United in challenge and confrontation
At a deeper level, the message of the Comrades to South Africa was clear; men and women running together, helping one another, honouring one another’s efforts, all united in challenging the race and confronting themselves. The blanket TV coverage of the Comrades experience in the 1980s has had a powerful and unifying effect on a troubled country. As if to confirm the broad power of the race, by 1989 there were over 12 000 starters – but in fact it was the end of a golden era.

By the time of the next Comrades in 1990, Nelson Mandela had been released from prison and South Africa was on a road that would lead inexorably to the white minority giving up the political power it had enjoyed for so long. The country’s sporting landscape changed dramatically, with renewed participation in rugby and cricket Tests, the Olympic Games, and so many other events. There was so much else now to occupy the attention of the TV sports producers, who were in any case looking for new challenges, and naturally sensitive to how starved the viewers were of international coverage involving South Africans. It was inevitable that the Comrades must lose the exclusive, almost adoring TV attention it had enjoyed in the tense, turbulent 1980s. And so there was a decline in the stature of the Comrades in the 1990s, seen in both the number of entries and the more limited TV coverage.
But the Comrades will survive the eccentric variations that seem to be imposed from time to time. It is unique among the great sporting events of the world. Apart from the five-year break during the Second World War, it has been held every year without fail, a source of comfort in its simple continuity. Like other sporting codes and events, it has reflected times, customs and attitudes of its society. When apartheid was rigidly enforced, the Comrades was whites-only, but when the barriers came down it took the opportunity to change. It has remained in touch with its Natal roots and values, although these have sometimes been rather too conservative – or liberal – for runners from other provinces. Much to be valued is the survival in the Comrades is the ethos of the Club. Too many sports have cut themselves off from their roots and their clubs are dying, which means these games will not survive at community level
So how should the Comrades proceed into its next century? Sport in general is undergoing enormous changes. Thanks to the combination of jet travel and satellite technology, seasonal variations in sport have almost disappeared and the age of the all-rounder has almost gone. Specialisation will soon be drilled down even into school sport, and even there the traditional winter and summer seasons are already disappearing. It is common for talented schoolboys to be encouraged to dedicate themselves only to one sport throughout the year, just because they are good at it.
Soon the major TV networks and multinational sponsors will between them administer the great games which were invented and codified by the Victorians.

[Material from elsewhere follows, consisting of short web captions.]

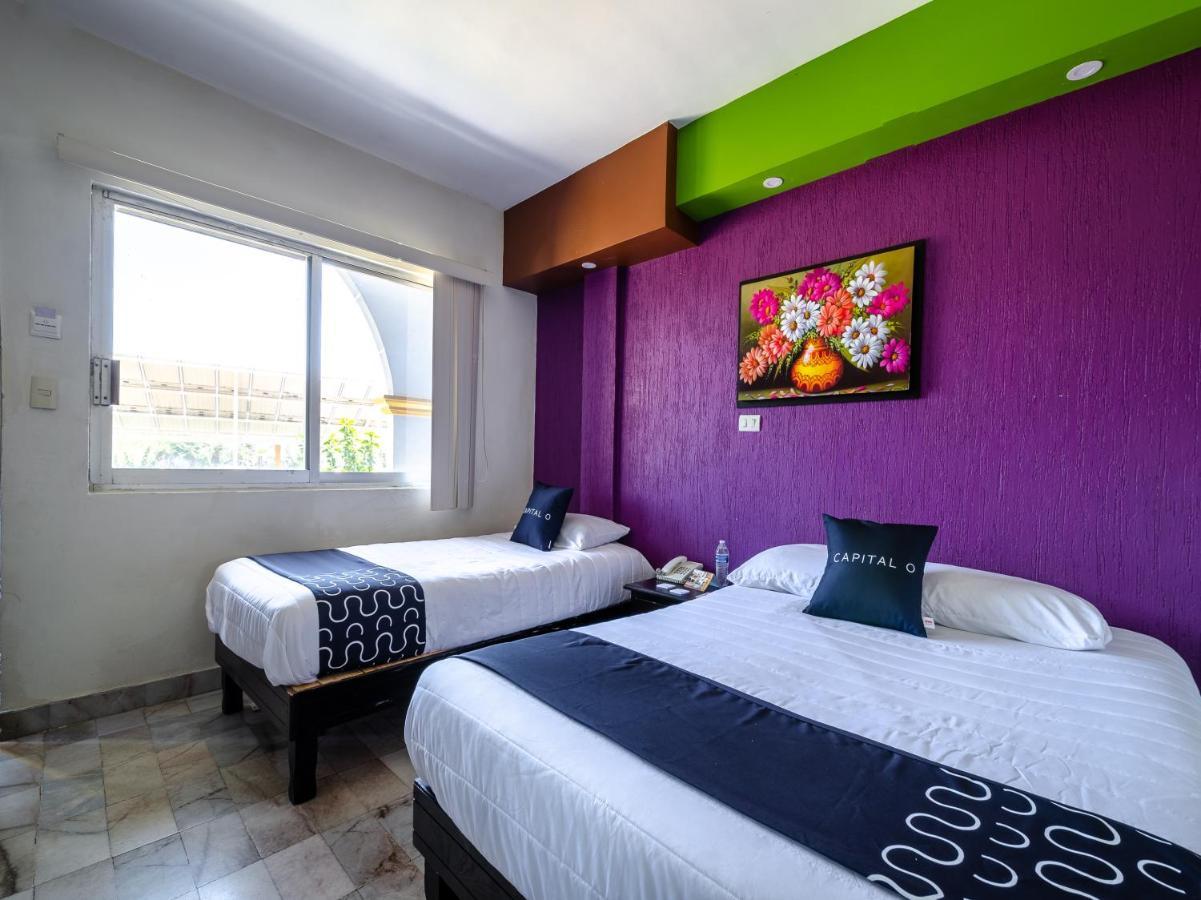 Hotel Yauco El Rosario Екстер'єр фото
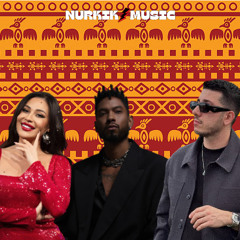 Afronom x Miguel x Ceca - Maraman x 5 Minuta (Dj Nurkik Mashup)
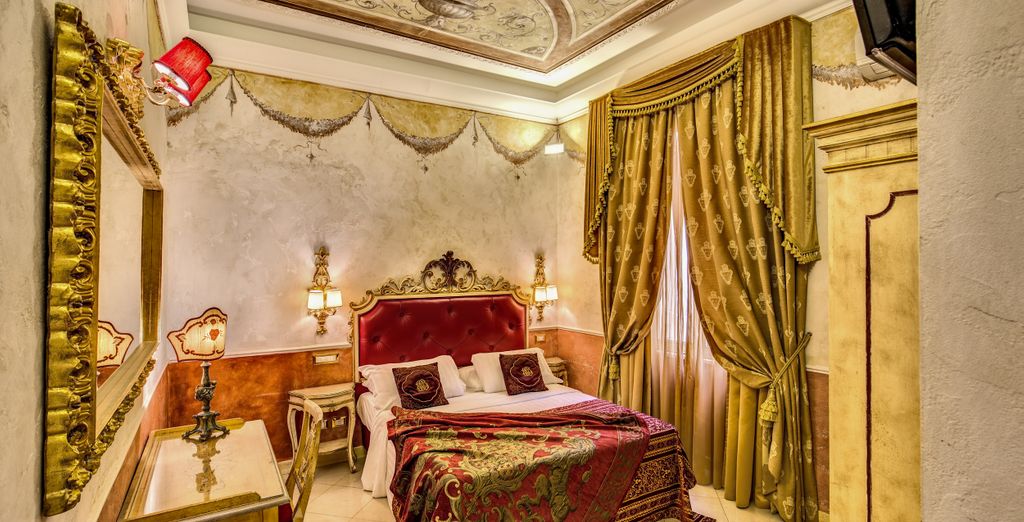 Hotel Romanico Palace & Spa 4*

Sports which do not adapt to the demands of TV will be crowded out. Individuals whose bodies cannot take the punishment of year-round fixture lists will retire early – or simply no longer aspire to play at the highest level. There will be no place for the doctor or the lawyer, the printer or the railway guard, in games at the highest level – and sport will be much the poorer for it.
A return to Comrades values
The Comrades can play its role in this environment. It is time for a regeneration of the Comrades, to look back at the simple vision of Vic Clapham. Remember, this race was based not on an impulse for organised recreation, but on the need to express the values of loyalty, friendship, determination and commemoration. It is time to build on that original vision by formally dedicating the Comrades Marathon of the 21st Century to those values. You can keep prize money and sponsorship by all means, and make it easy for the TV producers to continue covering the race.
But above all, the Comrades must move on in the same way that it started: as the race where the ordinary man or woman can mount an extraordinary sporting challenge, and win. If that opportunity remains unsullied, the Comrades may perform its greatest service yet.